Ferguson, Missouri. Where Michael Brown was shot.
The three faces (from top to bottom) represent the Past, Present and Future. And by that I mean the past, present and future as MLK would have known it.

(PAST) The Anonymous face of Slavery. This isn’t a likeness of anyone in particular; because no true likenesses of these women exist. This figure represents collectively Anarcha, Betsy and Lucy, who were three slave women (or more accurately, slave girls) living in the pre-civil war south. They were suffering from debilitating fistulas (tears in their vagina, urethra and anus) brought about from childbirth. This condition causes sufferers to constantly leak urine or feces, and as you imagine, is a source of considerable pain and humiliation. J. Marion Sims, an enterprising young white doctor, decided that fixing fistulas was how he was going to make a name for himself. Using slave women as guinea pigs, he performed surgical experiments without the use of anaesthesia. On Anarcha he did more than 30 unanesthetized surgeries. Sims claims in his journal that these women were glad to receive treatment from their conditions, but because there is no record of their voices, one can’t be sure. What is known is that later Sims went on to use his perfected technique on white women, this time with the benefit of anesthesia. He even performed this operation on the empress of France. Sims, the so-called “Father of Gynecology”, had a statue erected in his honour in Central Park which stood until April 17th, 2018.
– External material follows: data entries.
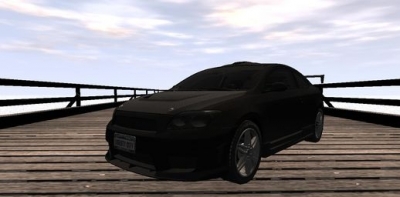 Toyota Scion Tc 2.5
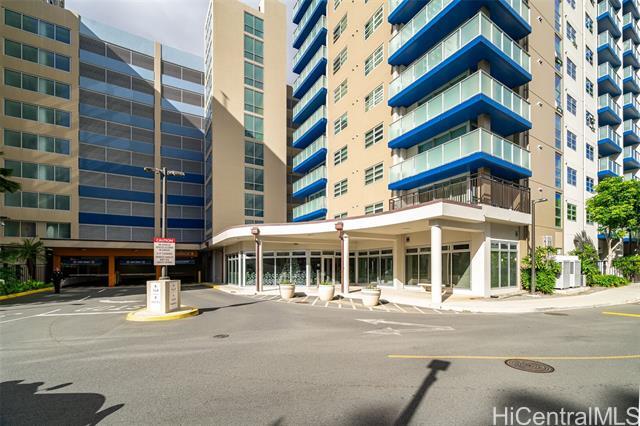 Foto del edificio - 801 South St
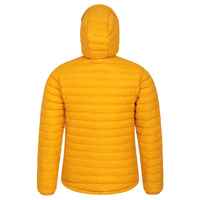 Vestes matelassées pour hommes à prix de gros, haute qualité, séchage rapide, légères, service OEM, pour l'hiver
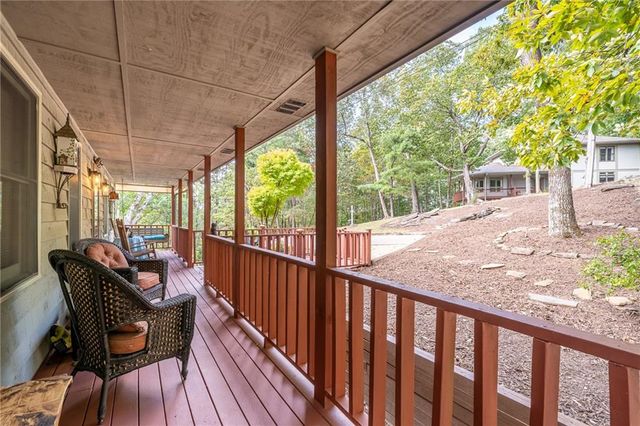 86 Southview Trl, Jasper, GA 30143
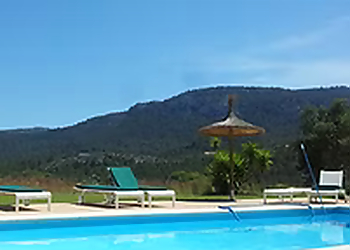 Santa Rosa Pool Services Sunny Pool Service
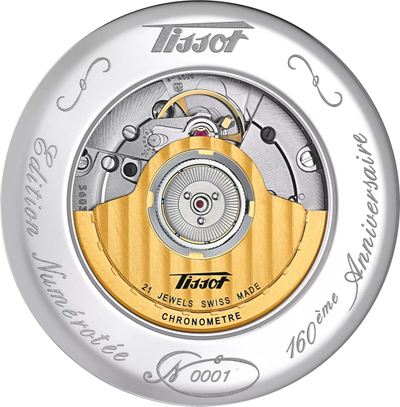 Швейцарские часы Tissot T078.641.16.037.00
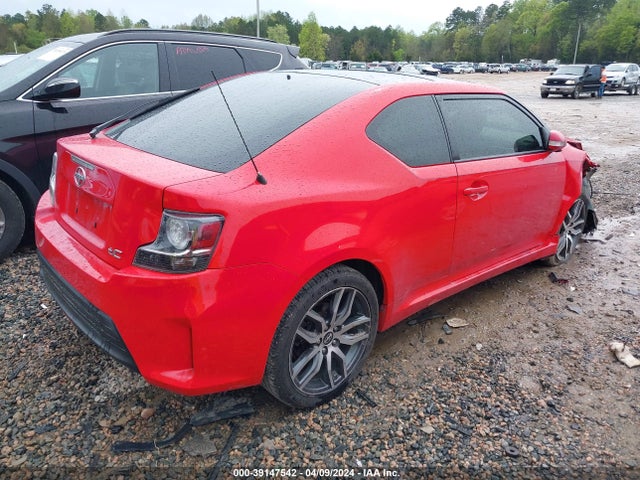 Scion TC 2016 JTKJF5C78GJ022916 Image 4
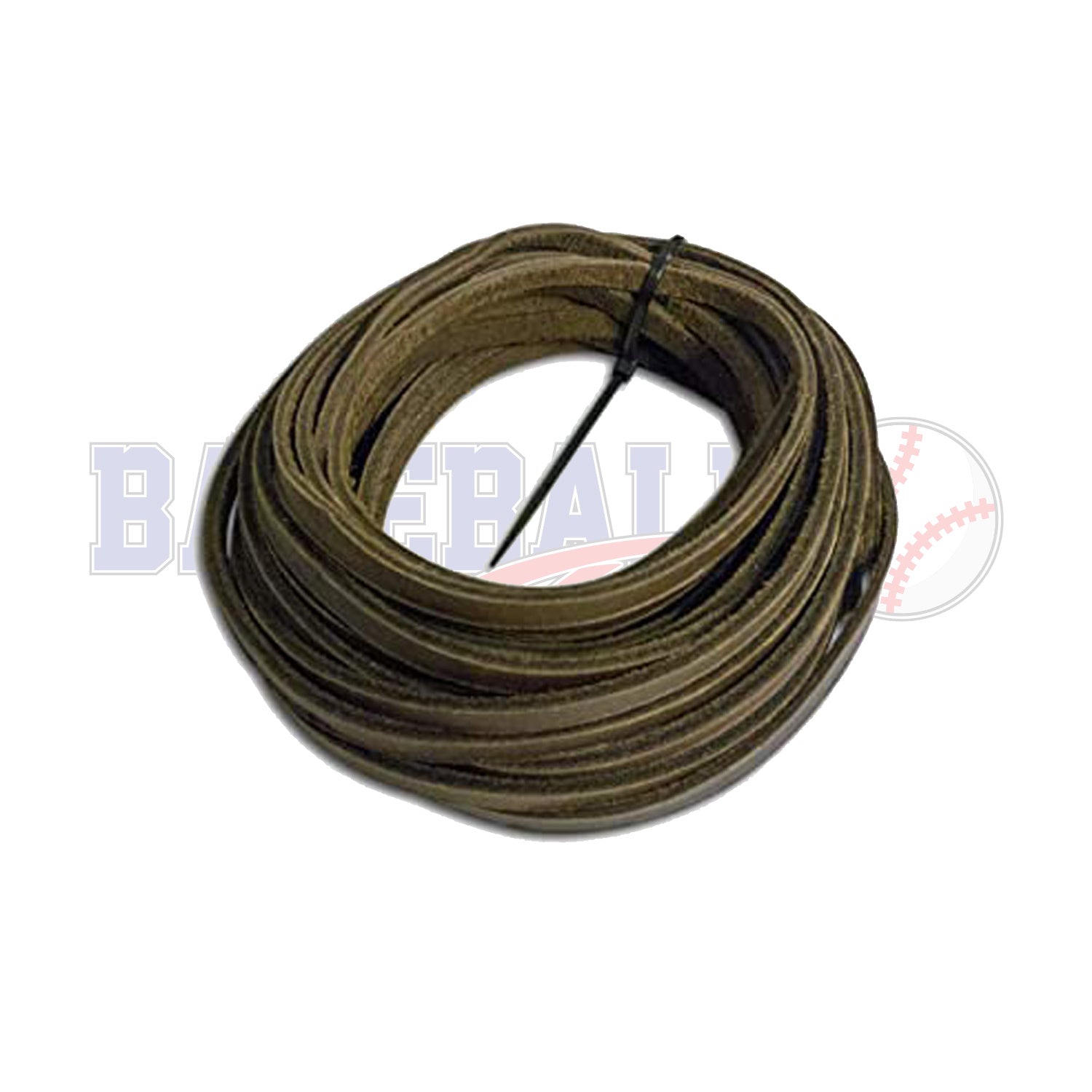 Bulk Leather Lace (Sold Per Lace)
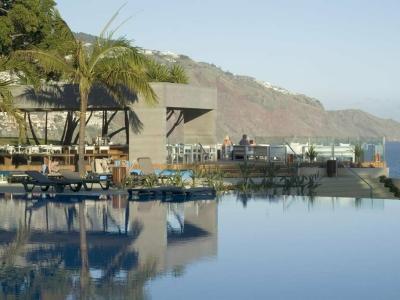 Pestana Casino Park Ocean and SPA - 10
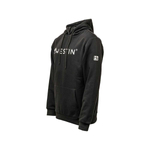 Bluza Westin Hyper Realistic Hoodie | Ink Black | rozm. M
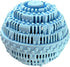 1pcs Laundry Ball - Natural Non-Chemical Detergent Laundry Balls for Washing Machine - Eco Friendly Wash Ball & Detergent Alternative for 2000 Was...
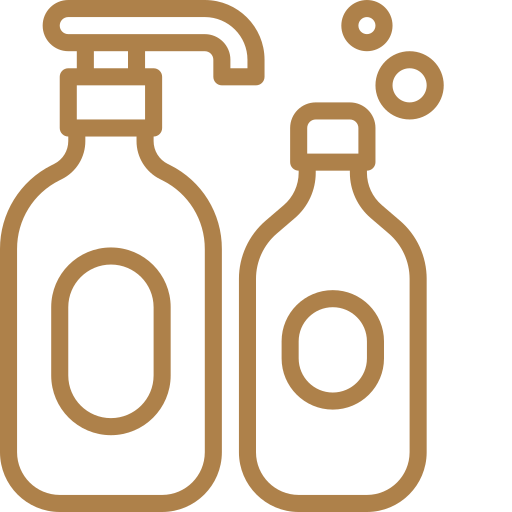 Rituals shampoo Icon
To me, this represents the atrocities perpetrated against black women, in particular the sexualized violence they faced. Enslaved black women were used as breeding stock. They were impregnated as early as possible so that they could bear as many slave children as possible. They were also at the mercy of their white masters and overseers. It’s interesting to note that as soon as slavery ended, black mothers became vilified for having too many children, for ‘breeding like rabbits’, and for being welfare queens.

Women today are beneficiaries of Anarcha, Betsy and Lucy’s exploitation – just as we are beneficiaries of the birth control pill tests that were executed upon Puerto Rican women in the 1950s. (Hence the halo – a symbol of saintliness or martyrdom.) Where feminism has made progress, it has firstly made progress for white women. While white women were breaking glass ceilings, black women were sweeping up the shards. This is the case even today, when so many POC women serve in domestic and service industries at minimum wage so that white women can advance in fields once dominated by men. Said Malcolm X, “The most disrespected woman in America is the black woman. The most unprotected person in America is the black woman. The most neglected person in America is the Black woman.”
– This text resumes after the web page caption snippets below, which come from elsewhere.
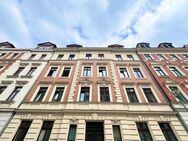 top Lage I 2 Zimmer I Tageslichtbad mit Wanne & Dusche I Einbauküche - Leipzig
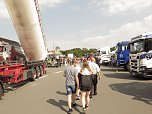 9. Berufsaktionstag auf dem Autodrom (Foto: nnz)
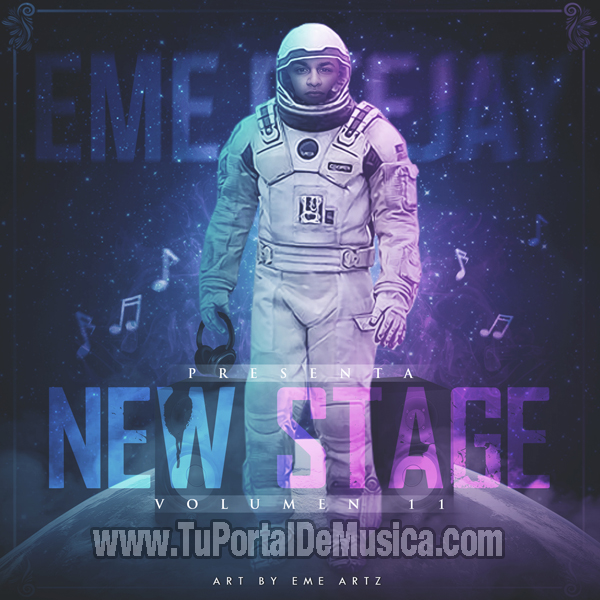 Eme DeeJay Volumen 11 (2016) Eme DeeJay Volumen 11 (2016)
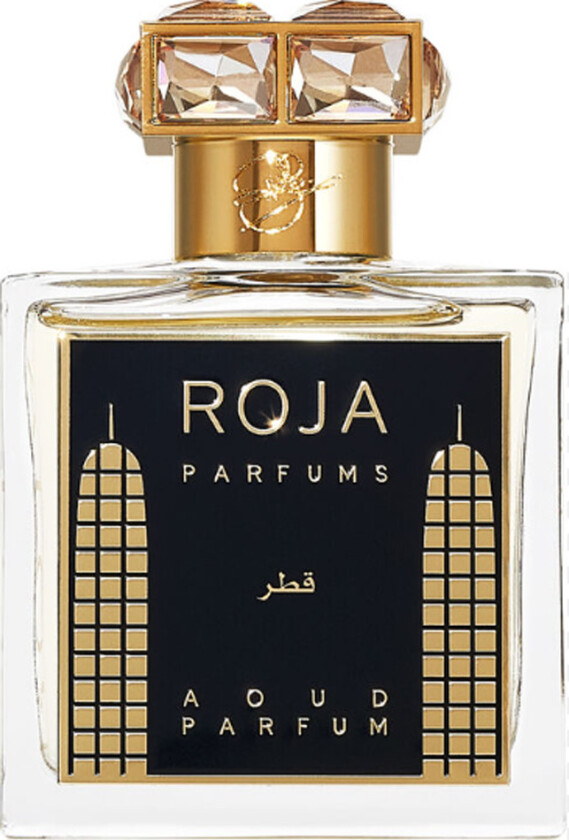 Bilde av Roja Qatar Extrait De Parfum Spray unisex 50 Ml For Women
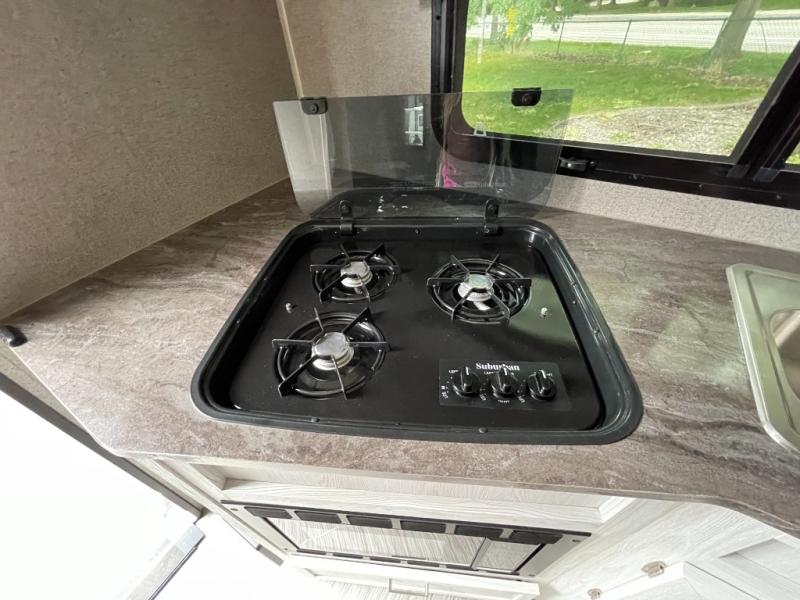 2018 Forest River Rockwood Geo Pro G17RK, $ 19,990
(King’s “PRESENT”) Jim Crow and Emmett Till. Emmett Till was viciously lynched for (purportedly) flirting with a white woman in 1955 Mississippi. His death made national headlines when his mother insisted on an open casket funeral to show the world how his body had been maimed. This was a defining moment in the burgeoning civil rights movement. What happened to Till and other lynching victims would have surely been in the forefront of MLK’s mind – Till is positioned at the same level as MLK, and the Jim Crow figure dances on MLK’s shoulder. At the time, black people were forced to engage in various humiliating deferential practices in order to prevent “the random, terroristic, berserk behavior of white people.” Till, who hailed from Chicago, was even warned of this before he left for Mississippi. And of course, one of the main reasons black men got lynched was for acting too familiar with white women.

The terrorism of black communities was part of larger project to remind black people of their place and keep them subservient. While black people hung from trees white people hung monuments in memory of the romanticized confederate south – monuments to white supremacy which remain standing to this day. This is what MLK and the civil rights movement were facing. “What the great Dr. Martin Luther King accomplished [was] not that he marched, nor that he gave speeches. He ended the terror of living as a black person, especially in the south….” [Hamden Rice, Essay, Most of you have no idea what Martin Luther King actually did]

(“FUTURE”) aka our present, Michael Brown. Brown was an unarmed black teenager who was shot by a white police officer in Ferguson, MI. His death sparked BLM protests and anti-police riots across the country. The 13 on Michael’s lapel stands for the 13th amendment (section 1) which states “Neither slavery nor involuntary servitude, except as a punishment for crime whereof the party shall have been duly convicted, shall exist within the United States, or any place subject to their jurisdiction.” This is how the stereotype of black criminality started. After slavery was abolished, states made laws that targeted Black people specifically so that blacks could be arrested on trumped up charges and used in chain gangs for free labour. Even today, the prison-industrial complex capitalizes on incarcerated populations, a disproportionate amount of whom are POC. Black people also get harsher prison sentences than white people, particularly when it comes to drug-related charges. Michael Brown was shot because black people, especially black men, are seen as more thuggish, more criminal, more dangerous. The stereotype exists because it is profitable. And when you have to make a snap decision, such as when to fire a gun, the fallback is to rely on stereotypes. It’s like a cognitive shortcut.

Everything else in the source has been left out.